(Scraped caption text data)
┌──

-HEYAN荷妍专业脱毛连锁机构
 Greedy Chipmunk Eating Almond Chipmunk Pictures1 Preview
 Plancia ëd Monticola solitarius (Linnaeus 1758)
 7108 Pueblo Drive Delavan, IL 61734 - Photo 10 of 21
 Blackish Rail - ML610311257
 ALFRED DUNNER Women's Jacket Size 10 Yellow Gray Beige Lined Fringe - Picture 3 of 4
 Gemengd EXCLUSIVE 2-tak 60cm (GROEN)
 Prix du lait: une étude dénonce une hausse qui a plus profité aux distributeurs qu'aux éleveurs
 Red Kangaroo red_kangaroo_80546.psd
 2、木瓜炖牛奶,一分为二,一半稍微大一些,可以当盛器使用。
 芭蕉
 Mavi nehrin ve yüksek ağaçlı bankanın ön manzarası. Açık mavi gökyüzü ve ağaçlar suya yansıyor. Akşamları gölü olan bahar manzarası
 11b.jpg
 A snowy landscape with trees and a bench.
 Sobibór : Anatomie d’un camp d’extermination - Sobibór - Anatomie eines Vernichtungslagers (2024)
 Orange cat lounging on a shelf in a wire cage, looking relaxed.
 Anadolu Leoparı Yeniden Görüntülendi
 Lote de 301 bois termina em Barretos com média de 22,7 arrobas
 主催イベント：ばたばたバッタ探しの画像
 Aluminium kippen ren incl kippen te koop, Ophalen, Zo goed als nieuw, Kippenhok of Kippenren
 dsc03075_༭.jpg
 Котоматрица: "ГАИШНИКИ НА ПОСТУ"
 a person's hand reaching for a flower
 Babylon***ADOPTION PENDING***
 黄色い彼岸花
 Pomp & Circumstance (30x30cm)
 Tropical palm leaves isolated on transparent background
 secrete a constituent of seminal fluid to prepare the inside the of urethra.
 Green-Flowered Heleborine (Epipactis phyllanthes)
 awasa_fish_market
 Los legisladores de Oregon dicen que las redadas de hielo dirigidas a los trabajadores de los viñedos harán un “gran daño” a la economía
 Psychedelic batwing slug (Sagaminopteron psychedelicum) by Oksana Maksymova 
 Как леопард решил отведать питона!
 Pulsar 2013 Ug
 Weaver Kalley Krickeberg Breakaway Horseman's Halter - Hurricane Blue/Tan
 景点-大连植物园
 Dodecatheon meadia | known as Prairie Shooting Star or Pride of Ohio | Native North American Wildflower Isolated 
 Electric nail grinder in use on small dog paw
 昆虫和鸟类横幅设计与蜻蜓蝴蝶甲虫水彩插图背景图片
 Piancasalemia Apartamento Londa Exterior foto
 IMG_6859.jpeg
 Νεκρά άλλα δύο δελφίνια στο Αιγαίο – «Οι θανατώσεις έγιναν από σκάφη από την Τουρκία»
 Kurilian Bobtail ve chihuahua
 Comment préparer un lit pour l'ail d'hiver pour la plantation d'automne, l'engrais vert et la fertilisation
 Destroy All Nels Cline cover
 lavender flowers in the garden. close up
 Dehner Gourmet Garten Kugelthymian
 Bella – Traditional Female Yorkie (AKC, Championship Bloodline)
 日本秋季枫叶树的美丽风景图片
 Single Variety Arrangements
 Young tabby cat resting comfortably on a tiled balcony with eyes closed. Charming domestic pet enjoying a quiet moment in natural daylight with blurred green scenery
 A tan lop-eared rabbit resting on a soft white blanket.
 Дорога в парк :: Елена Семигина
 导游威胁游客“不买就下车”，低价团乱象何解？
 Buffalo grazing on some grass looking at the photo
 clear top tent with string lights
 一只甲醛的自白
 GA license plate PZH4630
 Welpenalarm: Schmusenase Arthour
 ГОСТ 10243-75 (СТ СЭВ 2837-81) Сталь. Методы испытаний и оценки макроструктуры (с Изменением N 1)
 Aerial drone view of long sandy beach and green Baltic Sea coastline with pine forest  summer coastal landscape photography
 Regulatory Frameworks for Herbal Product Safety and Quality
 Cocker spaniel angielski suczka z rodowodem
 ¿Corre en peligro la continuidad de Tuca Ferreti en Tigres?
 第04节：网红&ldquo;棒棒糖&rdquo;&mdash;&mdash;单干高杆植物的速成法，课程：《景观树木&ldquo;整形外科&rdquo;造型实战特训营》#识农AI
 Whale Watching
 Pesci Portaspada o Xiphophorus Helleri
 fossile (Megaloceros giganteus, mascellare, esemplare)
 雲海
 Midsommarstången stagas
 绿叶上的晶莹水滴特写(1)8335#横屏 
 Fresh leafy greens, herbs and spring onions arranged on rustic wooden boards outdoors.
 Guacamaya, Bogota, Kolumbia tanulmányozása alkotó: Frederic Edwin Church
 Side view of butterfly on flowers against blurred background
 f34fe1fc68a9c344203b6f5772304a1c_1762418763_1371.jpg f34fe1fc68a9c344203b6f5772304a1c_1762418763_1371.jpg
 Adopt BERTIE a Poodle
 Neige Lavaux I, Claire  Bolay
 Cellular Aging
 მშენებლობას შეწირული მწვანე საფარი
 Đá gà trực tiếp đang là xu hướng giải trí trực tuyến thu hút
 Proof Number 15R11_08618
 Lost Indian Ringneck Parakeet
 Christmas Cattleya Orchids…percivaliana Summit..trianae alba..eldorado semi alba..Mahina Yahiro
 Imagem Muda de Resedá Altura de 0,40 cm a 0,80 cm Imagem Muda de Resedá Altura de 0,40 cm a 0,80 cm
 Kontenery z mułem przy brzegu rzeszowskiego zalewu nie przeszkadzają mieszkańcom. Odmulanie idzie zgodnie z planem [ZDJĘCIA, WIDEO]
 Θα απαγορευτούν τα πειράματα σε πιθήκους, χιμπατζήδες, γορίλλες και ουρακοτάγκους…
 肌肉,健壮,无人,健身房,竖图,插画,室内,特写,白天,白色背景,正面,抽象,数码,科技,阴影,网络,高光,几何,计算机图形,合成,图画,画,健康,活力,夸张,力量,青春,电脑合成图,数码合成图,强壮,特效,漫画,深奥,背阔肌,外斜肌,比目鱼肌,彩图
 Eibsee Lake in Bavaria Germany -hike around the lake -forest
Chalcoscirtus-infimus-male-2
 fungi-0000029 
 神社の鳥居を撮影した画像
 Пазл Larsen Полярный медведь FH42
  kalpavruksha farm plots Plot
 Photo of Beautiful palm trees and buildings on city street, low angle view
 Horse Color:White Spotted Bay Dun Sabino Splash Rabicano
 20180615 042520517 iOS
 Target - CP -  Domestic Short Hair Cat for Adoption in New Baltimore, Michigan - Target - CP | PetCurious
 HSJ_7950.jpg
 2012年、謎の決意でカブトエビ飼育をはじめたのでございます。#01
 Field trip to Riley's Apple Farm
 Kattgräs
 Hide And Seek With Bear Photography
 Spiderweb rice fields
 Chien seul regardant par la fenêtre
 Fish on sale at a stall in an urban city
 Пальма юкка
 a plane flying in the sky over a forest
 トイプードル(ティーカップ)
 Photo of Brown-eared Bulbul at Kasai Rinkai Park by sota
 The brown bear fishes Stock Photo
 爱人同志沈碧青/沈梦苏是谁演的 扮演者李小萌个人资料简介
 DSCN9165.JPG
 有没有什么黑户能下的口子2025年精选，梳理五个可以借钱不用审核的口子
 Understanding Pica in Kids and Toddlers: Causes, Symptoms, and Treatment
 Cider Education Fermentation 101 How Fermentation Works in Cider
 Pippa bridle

└──

- Work item: Take the data above and reproduce it exactly.

- Answer to the exercise:
-HEYAN荷妍专业脱毛连锁机构
 Greedy Chipmunk Eating Almond Chipmunk Pictures1 Preview
 Plancia ëd Monticola solitarius (Linnaeus 1758)
 7108 Pueblo Drive Delavan, IL 61734 - Photo 10 of 21
 Blackish Rail - ML610311257
 ALFRED DUNNER Women's Jacket Size 10 Yellow Gray Beige Lined Fringe - Picture 3 of 4
 Gemengd EXCLUSIVE 2-tak 60cm (GROEN)
 Prix du lait: une étude dénonce une hausse qui a plus profité aux distributeurs qu'aux éleveurs
 Red Kangaroo red_kangaroo_80546.psd
 2、木瓜炖牛奶,一分为二,一半稍微大一些,可以当盛器使用。
 芭蕉
 Mavi nehrin ve yüksek ağaçlı bankanın ön manzarası. Açık mavi gökyüzü ve ağaçlar suya yansıyor. Akşamları gölü olan bahar manzarası
 11b.jpg
 A snowy landscape with trees and a bench.
 Sobibór : Anatomie d’un camp d’extermination - Sobibór - Anatomie eines Vernichtungslagers (2024)
 Orange cat lounging on a shelf in a wire cage, looking relaxed.
 Anadolu Leoparı Yeniden Görüntülendi
 Lote de 301 bois termina em Barretos com média de 22,7 arrobas
 主催イベント：ばたばたバッタ探しの画像
 Aluminium kippen ren incl kippen te koop, Ophalen, Zo goed als nieuw, Kippenhok of Kippenren
 dsc03075_༭.jpg
 Котоматрица: "ГАИШНИКИ НА ПОСТУ"
 a person's hand reaching for a flower
 Babylon***ADOPTION PENDING***
 黄色い彼岸花
 Pomp & Circumstance (30x30cm)
 Tropical palm leaves isolated on transparent background
 secrete a constituent of seminal fluid to prepare the inside the of urethra.
 Green-Flowered Heleborine (Epipactis phyllanthes)
 awasa_fish_market
 Los legisladores de Oregon dicen que las redadas de hielo dirigidas a los trabajadores de los viñedos harán un “gran daño” a la economía
 Psychedelic batwing slug (Sagaminopteron psychedelicum) by Oksana Maksymova 
 Как леопард решил отведать питона!
 Pulsar 2013 Ug
 Weaver Kalley Krickeberg Breakaway Horseman's Halter - Hurricane Blue/Tan
 景点-大连植物园
 Dodecatheon meadia | known as Prairie Shooting Star or Pride of Ohio | Native North American Wildflower Isolated 
 Electric nail grinder in use on small dog paw
 昆虫和鸟类横幅设计与蜻蜓蝴蝶甲虫水彩插图背景图片
 Piancasalemia Apartamento Londa Exterior foto
 IMG_6859.jpeg
 Νεκρά άλλα δύο δελφίνια στο Αιγαίο – «Οι θανατώσεις έγιναν από σκάφη από την Τουρκία»
 Kurilian Bobtail ve chihuahua
 Comment préparer un lit pour l'ail d'hiver pour la plantation d'automne, l'engrais vert et la fertilisation
 Destroy All Nels Cline cover
 lavender flowers in the garden. close up
 Dehner Gourmet Garten Kugelthymian
 Bella – Traditional Female Yorkie (AKC, Championship Bloodline)
 日本秋季枫叶树的美丽风景图片
 Single Variety Arrangements
 Young tabby cat resting comfortably on a tiled balcony with eyes closed. Charming domestic pet enjoying a quiet moment in natural daylight with blurred green scenery
 A tan lop-eared rabbit resting on a soft white blanket.
 Дорога в парк :: Елена Семигина
 导游威胁游客“不买就下车”，低价团乱象何解？
 Buffalo grazing on some grass looking at the photo
 clear top tent with string lights
 一只甲醛的自白
 GA license plate PZH4630
 Welpenalarm: Schmusenase Arthour
 ГОСТ 10243-75 (СТ СЭВ 2837-81) Сталь. Методы испытаний и оценки макроструктуры (с Изменением N 1)
 Aerial drone view of long sandy beach and green Baltic Sea coastline with pine forest  summer coastal landscape photography
 Regulatory Frameworks for Herbal Product Safety and Quality
 Cocker spaniel angielski suczka z rodowodem
 ¿Corre en peligro la continuidad de Tuca Ferreti en Tigres?
 第04节：网红&ldquo;棒棒糖&rdquo;&mdash;&mdash;单干高杆植物的速成法，课程：《景观树木&ldquo;整形外科&rdquo;造型实战特训营》#识农AI
 Whale Watching
 Pesci Portaspada o Xiphophorus Helleri
 fossile (Megaloceros giganteus, mascellare, esemplare)
 雲海
 Midsommarstången stagas
 绿叶上的晶莹水滴特写(1)8335#横屏 
 Fresh leafy greens, herbs and spring onions arranged on rustic wooden boards outdoors.
 Guacamaya, Bogota, Kolumbia tanulmányozása alkotó: Frederic Edwin Church
 Side view of butterfly on flowers against blurred background
 f34fe1fc68a9c344203b6f5772304a1c_1762418763_1371.jpg f34fe1fc68a9c344203b6f5772304a1c_1762418763_1371.jpg
 Adopt BERTIE a Poodle
 Neige Lavaux I, Claire  Bolay
 Cellular Aging
 მშენებლობას შეწირული მწვანე საფარი
 Đá gà trực tiếp đang là xu hướng giải trí trực tuyến thu hút
 Proof Number 15R11_08618
 Lost Indian Ringneck Parakeet
 Christmas Cattleya Orchids…percivaliana Summit..trianae alba..eldorado semi alba..Mahina Yahiro
 Imagem Muda de Resedá Altura de 0,40 cm a 0,80 cm Imagem Muda de Resedá Altura de 0,40 cm a 0,80 cm
 Kontenery z mułem przy brzegu rzeszowskiego zalewu nie przeszkadzają mieszkańcom. Odmulanie idzie zgodnie z planem [ZDJĘCIA, WIDEO]
 Θα απαγορευτούν τα πειράματα σε πιθήκους, χιμπατζήδες, γορίλλες και ουρακοτάγκους…
 肌肉,健壮,无人,健身房,竖图,插画,室内,特写,白天,白色背景,正面,抽象,数码,科技,阴影,网络,高光,几何,计算机图形,合成,图画,画,健康,活力,夸张,力量,青春,电脑合成图,数码合成图,强壮,特效,漫画,深奥,背阔肌,外斜肌,比目鱼肌,彩图
 Eibsee Lake in Bavaria Germany -hike around the lake -forest
Chalcoscirtus-infimus-male-2
 fungi-0000029 
 神社の鳥居を撮影した画像
 Пазл Larsen Полярный медведь FH42
  kalpavruksha farm plots Plot
 Photo of Beautiful palm trees and buildings on city street, low angle view
 Horse Color:White Spotted Bay Dun Sabino Splash Rabicano
 20180615 042520517 iOS
 Target - CP -  Domestic Short Hair Cat for Adoption in New Baltimore, Michigan - Target - CP | PetCurious
 HSJ_7950.jpg
 2012年、謎の決意でカブトエビ飼育をはじめたのでございます。#01
 Field trip to Riley's Apple Farm
 Kattgräs
 Hide And Seek With Bear Photography
 Spiderweb rice fields
 Chien seul regardant par la fenêtre
 Fish on sale at a stall in an urban city
 Пальма юкка
 a plane flying in the sky over a forest
 トイプードル(ティーカップ)
 Photo of Brown-eared Bulbul at Kasai Rinkai Park by sota
 The brown bear fishes Stock Photo
 爱人同志沈碧青/沈梦苏是谁演的 扮演者李小萌个人资料简介
 DSCN9165.JPG
 有没有什么黑户能下的口子2025年精选，梳理五个可以借钱不用审核的口子
 Understanding Pica in Kids and Toddlers: Causes, Symptoms, and Treatment
 Cider Education Fermentation 101 How Fermentation Works in Cider
 Pippa bridle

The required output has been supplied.